Task brief
Your reply must hold the lines from the one containing "Vierbett Zimmer 1 Stock 1" to the end of the entries, copied exactly, with pictures excluded.

Data listing
[Start of Attachment]
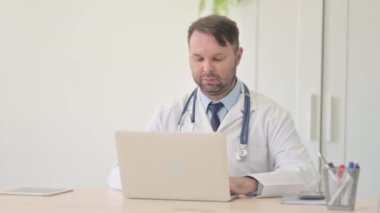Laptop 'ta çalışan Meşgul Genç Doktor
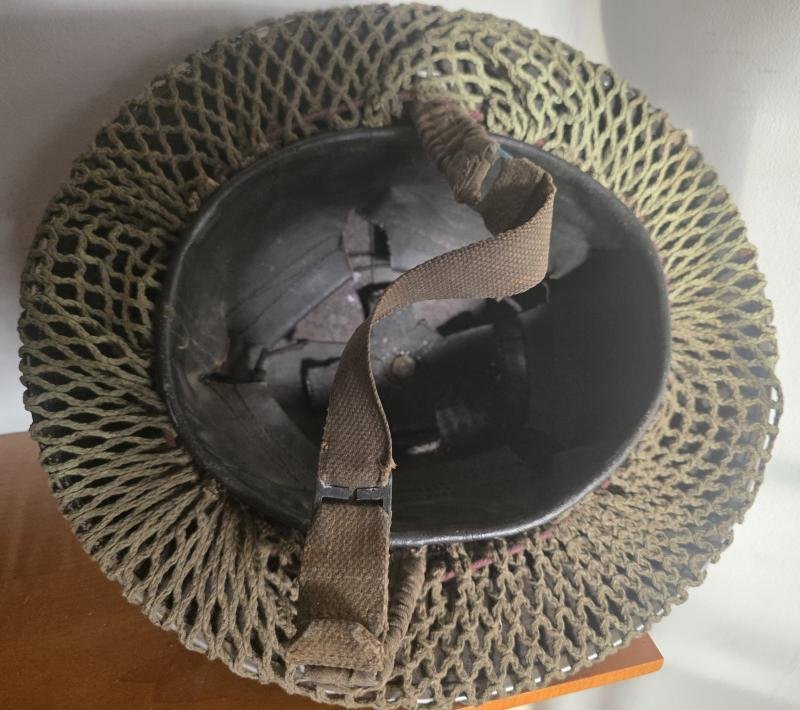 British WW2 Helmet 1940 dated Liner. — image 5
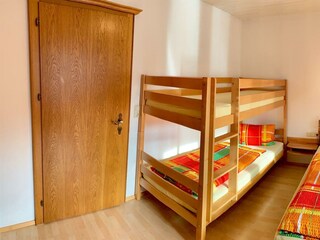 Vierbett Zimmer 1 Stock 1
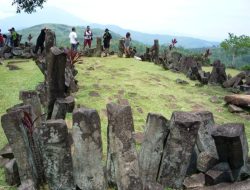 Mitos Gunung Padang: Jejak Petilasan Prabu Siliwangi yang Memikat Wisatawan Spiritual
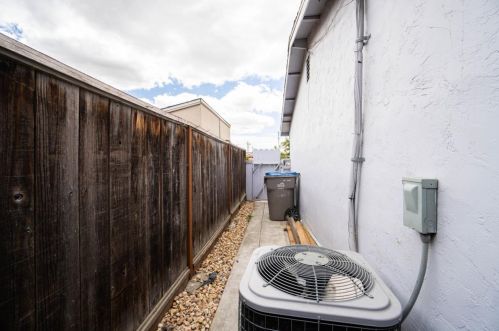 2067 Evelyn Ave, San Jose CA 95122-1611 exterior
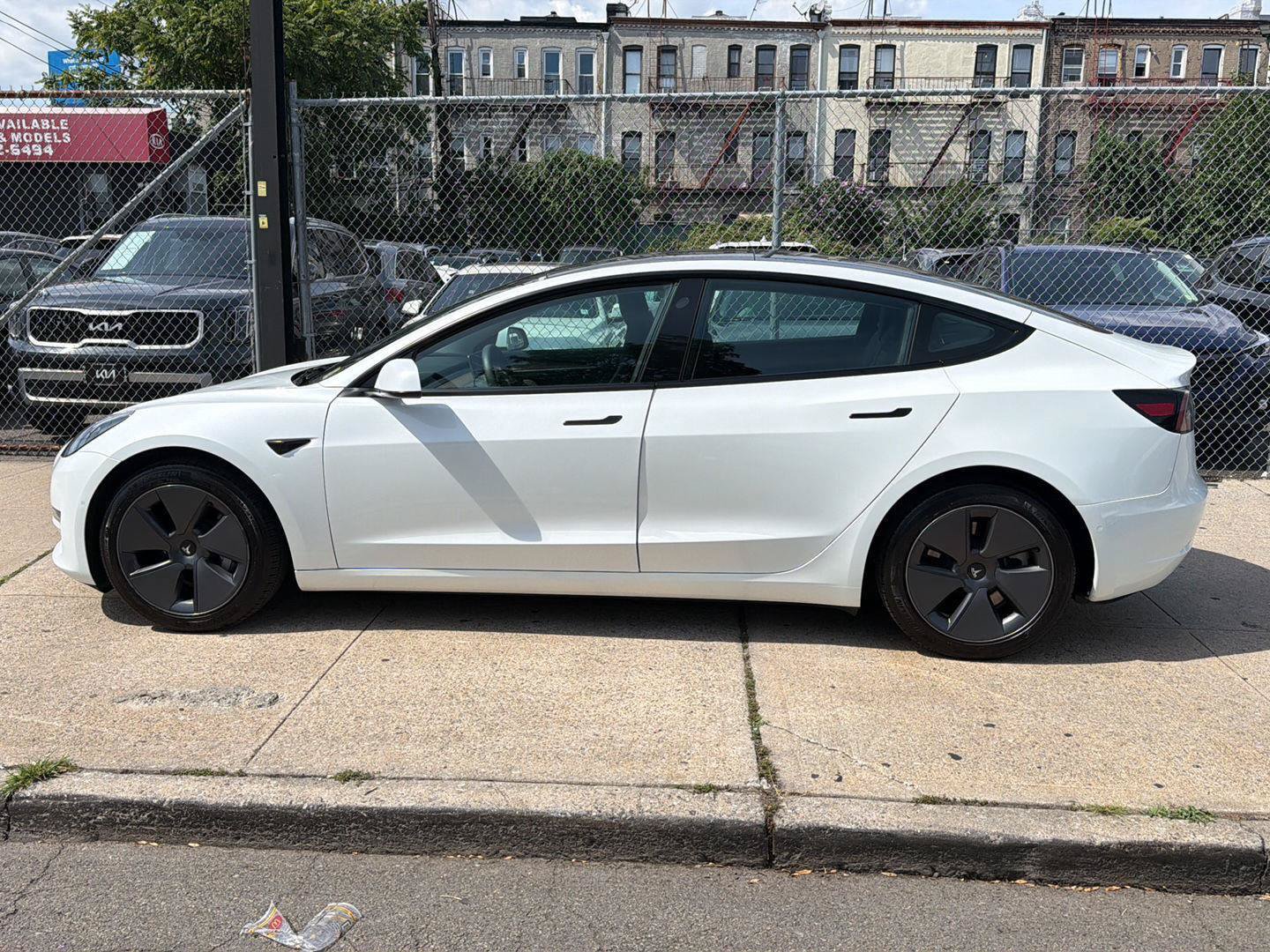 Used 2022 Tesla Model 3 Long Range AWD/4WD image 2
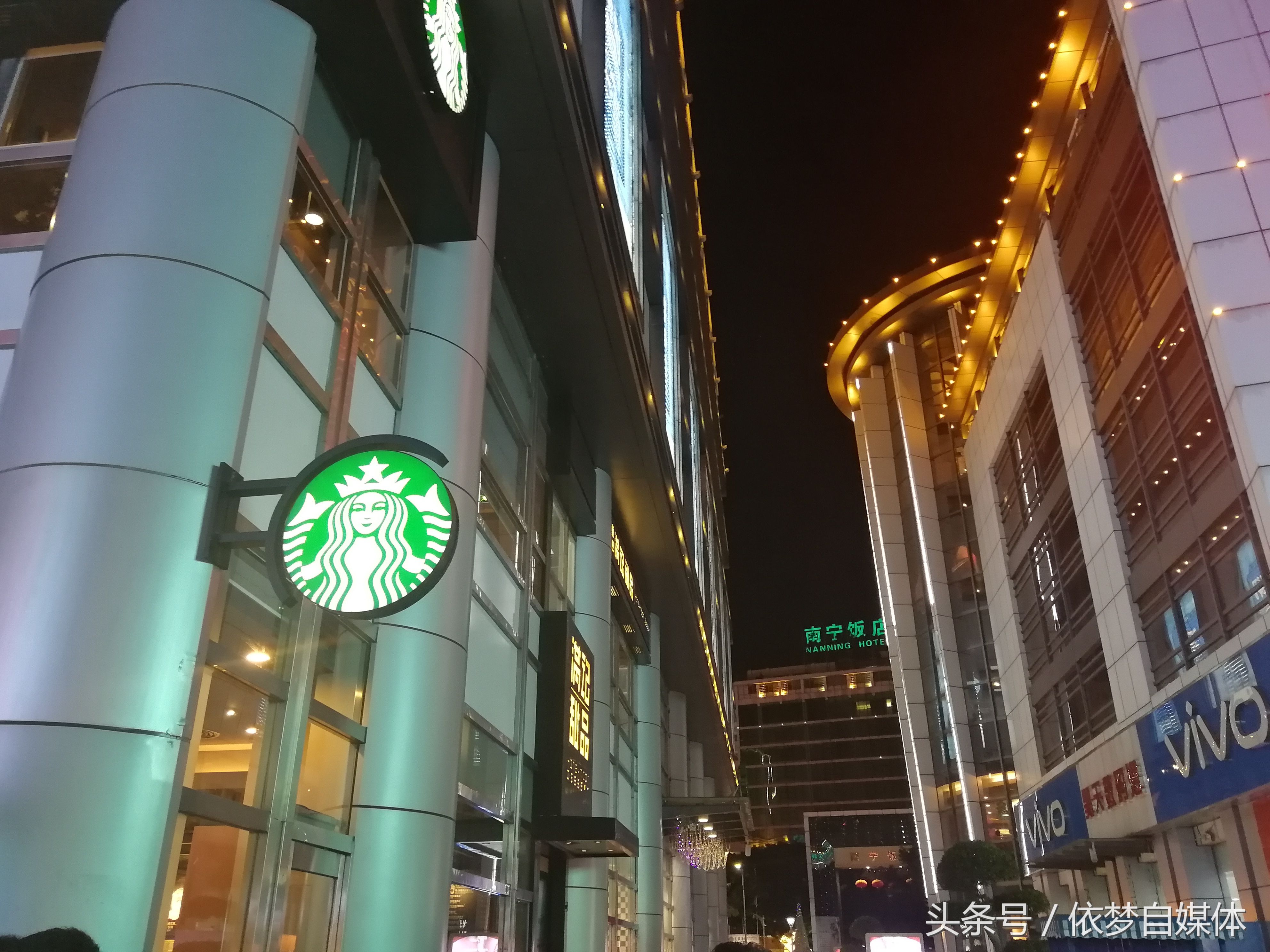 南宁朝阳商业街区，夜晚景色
[End of Attachment]
Completed task
 Vierbett Zimmer 1 Stock 1
 Mitos Gunung Padang: Jejak Petilasan Prabu Siliwangi yang Memikat Wisatawan Spiritual
 2067 Evelyn Ave, San Jose CA 95122-1611 exterior
 Used 2022 Tesla Model 3 Long Range AWD/4WD image 2
 南宁朝阳商业街区，夜晚景色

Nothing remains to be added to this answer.